In actual conditions, the influence of many factors such as the naval vessel is subjected to serviceable life, wave stroke, solar radiation, the operation of coming about, hull load, the capital causes the ship deck distortion, and the distortion meeting of ship deck produces very important influence to the fast initial alignment of each local inertial navigation equipment on the naval vessel.The deck distortion generally includes dynamic deformation and static deformation.Wherein the deck static angular distortion on naval vessel mainly is subjected to the influence of factors such as long, institute's cargo in serviceable life on naval vessel, fuel change and Exposure to Sunlight.Static angular is not constant all the time, just the cycle of angle variation is long, think constant in time at short aligning, according to the relevant afloat measuring reports in naval vessel, and show that in the measured experimental data of different sea condition sea trials the deflection among a day can reach 1 °～1.5 °.Therefore, how to measuring significant based on the ship deck static deformation of optical fibre gyro.

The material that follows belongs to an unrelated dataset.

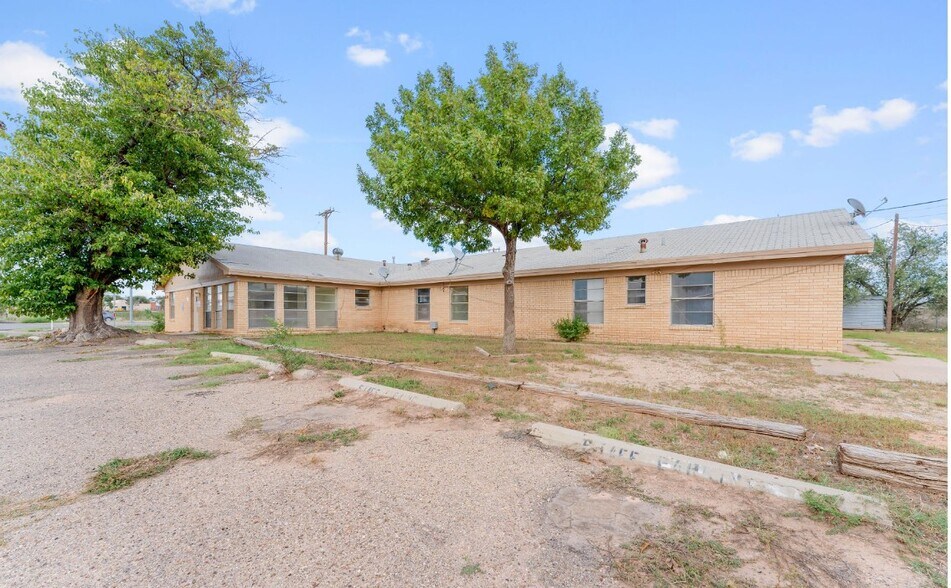 Primary Photo Of 1601 Vanda Ave, Lubbock Assisted Living For Sale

Alignment procedures exists the contradiction between rapidity and the accuracy, in order to solve steady, fast, the accurate coordination problem of alignment procedures, consider to make full use of the output information of the inertia assembly of the navigation information of naval vessel master's inertial navigation and carrier-borne equipment, carry out Transfer Alignment, can significantly reduce the aligning time and obtain good alignment precision, and distortion angle, deck has a strong impact on the effect of fast transfer alignment.Traditional method of utilizing optical correction instrument calibration distortion angle need provide expensive instrument, needs to lay the light path of calibration usefulness simultaneously, does not have practicality on large ship.

(3) summary of the invention

The object of the present invention is to provide a kind of a kind of method that ship deck static deformation angle is measured that can effectively measure for ship deck static deformation angle.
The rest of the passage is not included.